● **The problem**:
Restate word for word the lines of the listing below, from its first line through the line with "Kletterhortensie Nahaufnahme der Blüten", without the pictures.

● **Extracted material**:

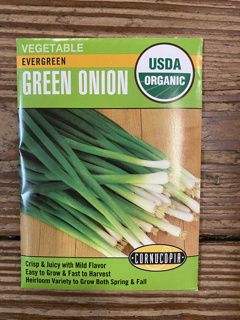 Cornucopia Organic Bunching Evergreen Onion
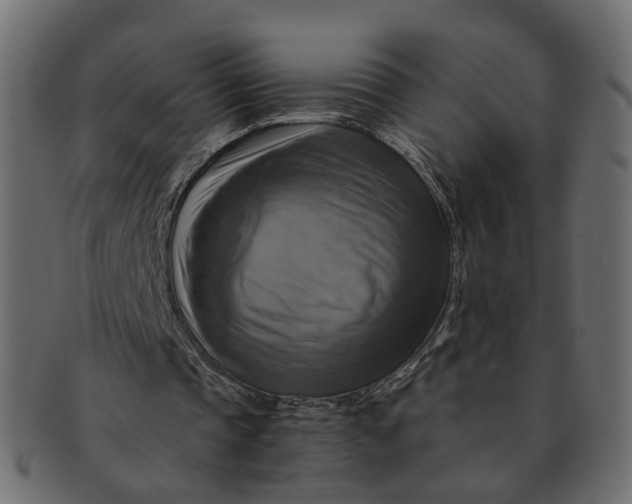 X0000091540337200709071109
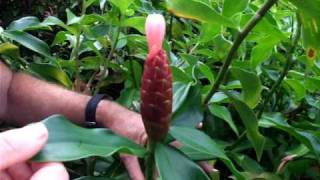 COSTUS ARABICUS VARIEGATA SPIRAL GINGERN PROPAGATION AND CARETIPS [upl. by Cirted]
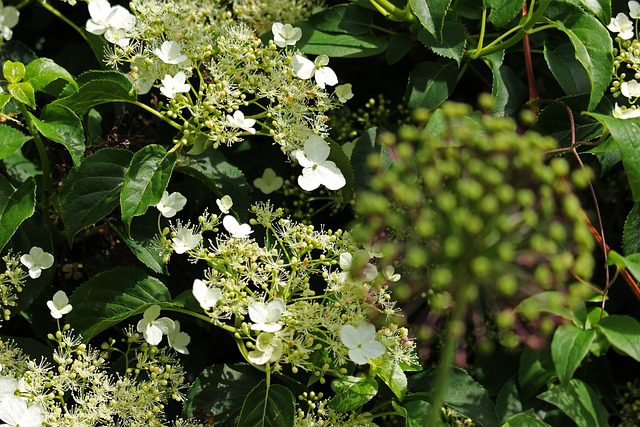 Kletterhortensie Nahaufnahme der Blüten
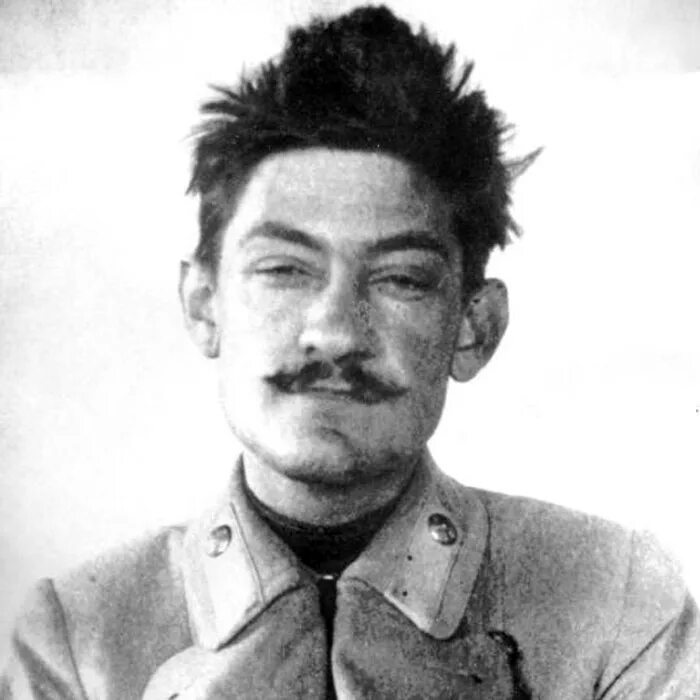 Донцов биография. Дмитрий донцов. дмитрий иванович донцов. дмитрий донцов национализм. дмитрий донцов (1883 - 1973).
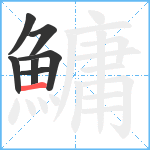 鱅笔顺分解图片7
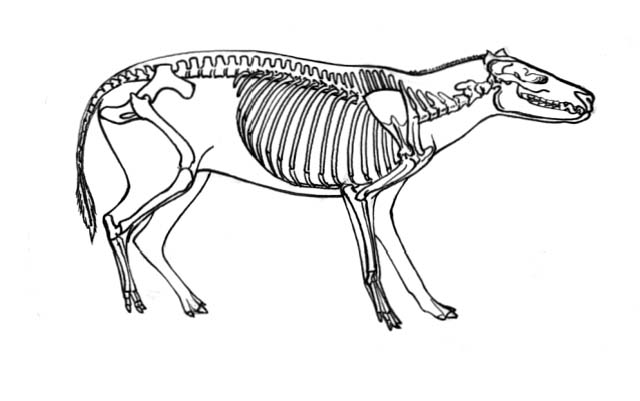 A Hyracotherium, a prehistoric mammal of the Eocene Epoch, with its skeletal structure highlighted.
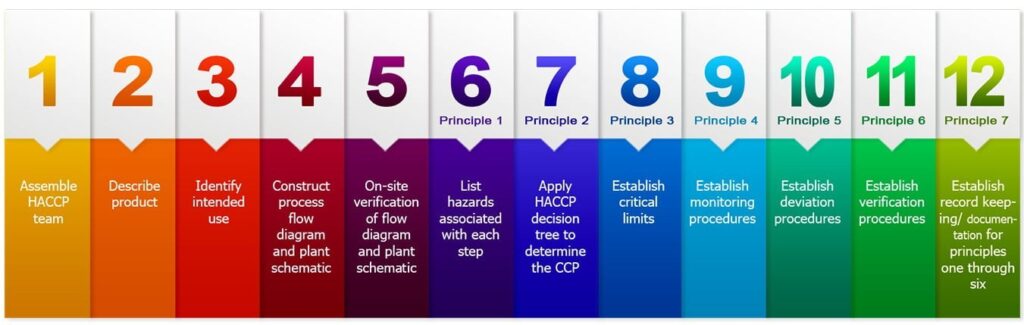 12 steps of haccp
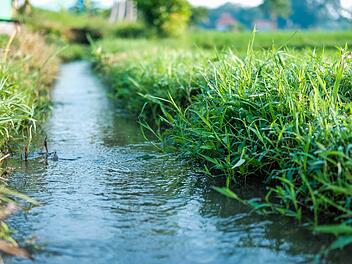 Landkreis Bamberg: Bu&szlig;gelder drohen - Warum du beim Gie&szlig;en deines Gartens aufpassen musst, mit was du gie&szlig;t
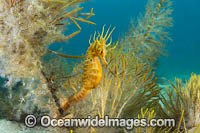 Southern Pot-belly Seahorse Photo - Gary Bell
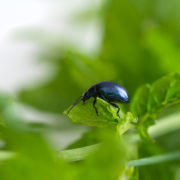 blue mint bettle resting on the leaf of a mint plant growing outside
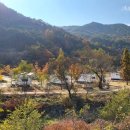 영주오토 이미지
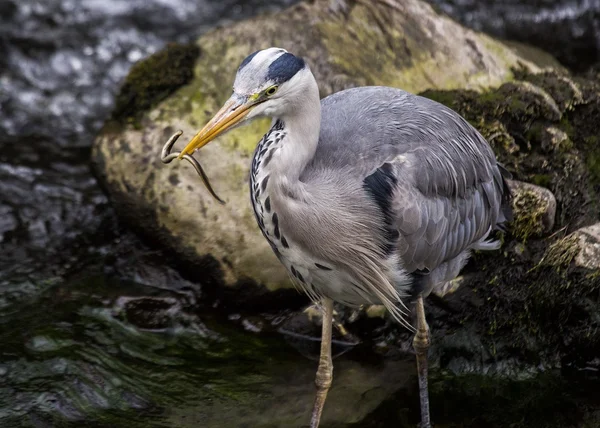 Blauwe reiger Worm eet — Stockfoto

● **Worked solution**:
 Cornucopia Organic Bunching Evergreen Onion
 X0000091540337200709071109
 COSTUS ARABICUS VARIEGATA SPIRAL GINGERN PROPAGATION AND CARETIPS [upl. by Cirted]
 Kletterhortensie Nahaufnahme der Blüten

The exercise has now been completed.